Astoria silenced him with a stare, then continued as though he had never spoken, "I tried to make Drey feel bad, like you requested my birthday princess, but the poor thing looked like he was about to cry so I had to stop."
Ivy laughed, hopping up from her seat and into Draco's arms. "You're a big ol' softy under all that cool, detached sexiness, aren't you Drey? I like you."
Draco awkwardly patted her back, muttering under his breath, "Well I don't like you."
"What was that?" Ivy asked, humour glinting in her eyes.
"Oh, nothing," Draco smiled tightly. "Anyway, happy birthday. I got you this," he said, pulling a small box from the inside pocket of his jacket.

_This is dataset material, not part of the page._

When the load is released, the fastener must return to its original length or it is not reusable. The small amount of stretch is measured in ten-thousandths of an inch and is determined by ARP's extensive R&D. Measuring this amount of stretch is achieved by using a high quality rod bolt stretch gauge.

Ivy opened the box and her mouth dropped slightly as she took in the gift. Draco had found this delicate gold necklace with an emerald pendant in the shape of a crystal from the antique store that Blaise works at, and as much as he pretended to dislike Ivy, he knew that he needed to get it for her. "Wow," she breathed. She looked up at Draco and said, "This is beautiful. I don't know what to say."

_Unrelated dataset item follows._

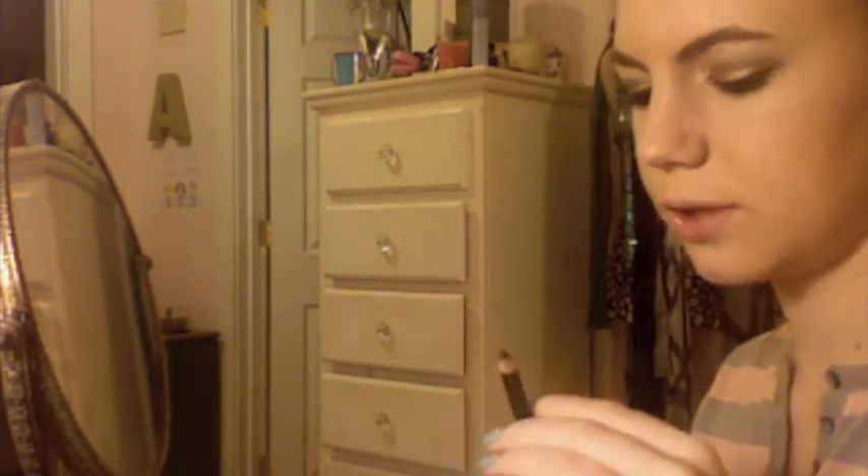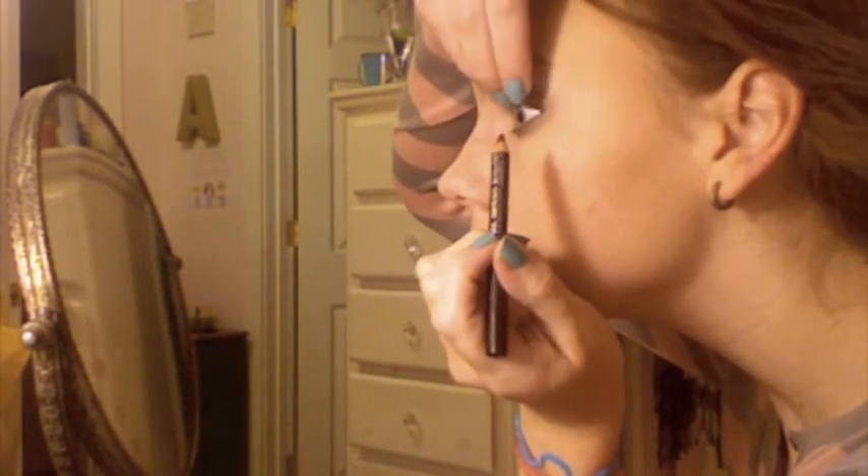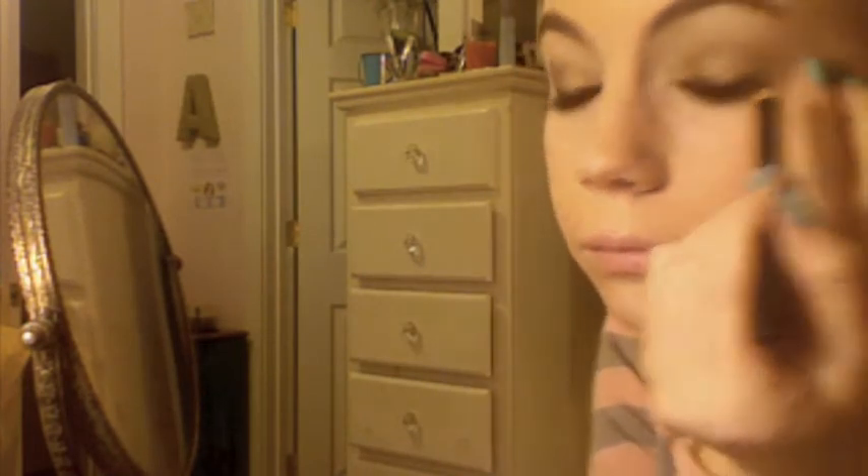This is MAC Kohl in Teddy — it's just a dark brown. You can use any brown eyeliner. You want to tightline just the outer part of your upper waterline, then line your entire upper lash line. Curl your lashes and use any mascara you'd like. You can even use false lashes — that might be nice.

Draco shifted uncomfortably. "You don't have to say anything."
"Draco," Ivy softly said.
"You honestly don't. What's important to Astoria is important to me, and you're important to her. For now, at least."
Ivy laughed and said, "Thank you."
"Enough with the mushiness. She's right, Drey, you really are a softy," Astoria said.
"Shut up," Draco said with absolutely no malice in his voice. He took off his jacket and threw it into the pile of belongings that their group had created. Unbuttoning the top two buttons of his shirt as Astoria and Ivy whooped, he sang, "Shall we party, ladies?"